Schematic representation of MCF7-EGFR spheroids generation and stages of cultivation.

Figure 4

Tight junction proteins distribution in spheroids. A typical image of a spheroid. The presence of junction markers zona occludens-1 (ZO-1) and E-cadherin were confirmed via immunofluorescent staining: red, ZO-1; green, E-cadherin; blue, nuclei (DAPI).

Figure 5

Flow cytometry analysis of CD44 and CD24 markers in MCF7 and MCF7-derived cells. The initial gating (P1) was made to exclude cell debris. Analysis was made on day 4 of cultivation. (A) Typical images of analysis. (B) Relative contribution of the CD44⁺/CD24⁻ and CD44⁺/CD24⁺ subpopulations in cell cultures. Bar graph showing the percentage of cells with indicated phenotype detected by flow cytometry. Statistical analysis included the results of three independent experiments (mean ± SD). The difference between the two groups was statistically significant at p < 0.05 (*) and at p < 0.01 (**).

Figure 6

Flow cytometry analysis of HER3 and HER2 receptors in MCF7 and MCF7-derived cells. The growth factors cocktail is described in the Materials and Methods Section. (A) Typical images of analysis of HER3 receptor. (B) Quantification of the HER2-positive populations that were identified by flow cytometry with anti-HER2 monoclonal antibodies. Data presented as mean % of HER2-positive cells ± SD of three independent experiments.
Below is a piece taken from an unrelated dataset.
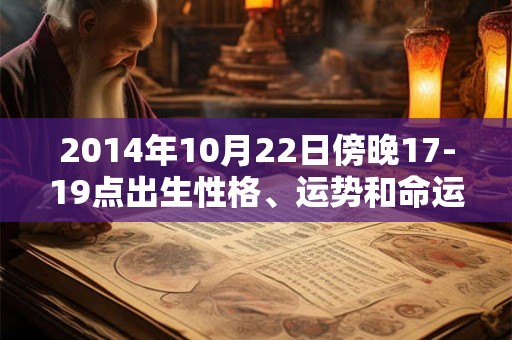 2014年10月22日傍晚17-19点出生性格、运势和命运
The differences with MCF7^wt were significant with * p < 0.05 (ANOVA test).

Figure 7

Analysis of drug resistance in MCF7^wt and MCF7-derived cells. (A) Kinetic of rhodamine 123 efflux in MCF7^wt and MCF7-derived cells. (B) Data presented as percent of Rh123-positive cells, that based on mean MFI of Rh123 signal. SD was calculated in four independent experiments. Verapamil (10 µM) was added to the samples for the efflux specificity control. (C) IC50 values for cisplatin were calculated using MTT data (48 h after the treatment). The differences between the two groups were significant with * p < 0.05 or ns, non-significant (Student’s t-test).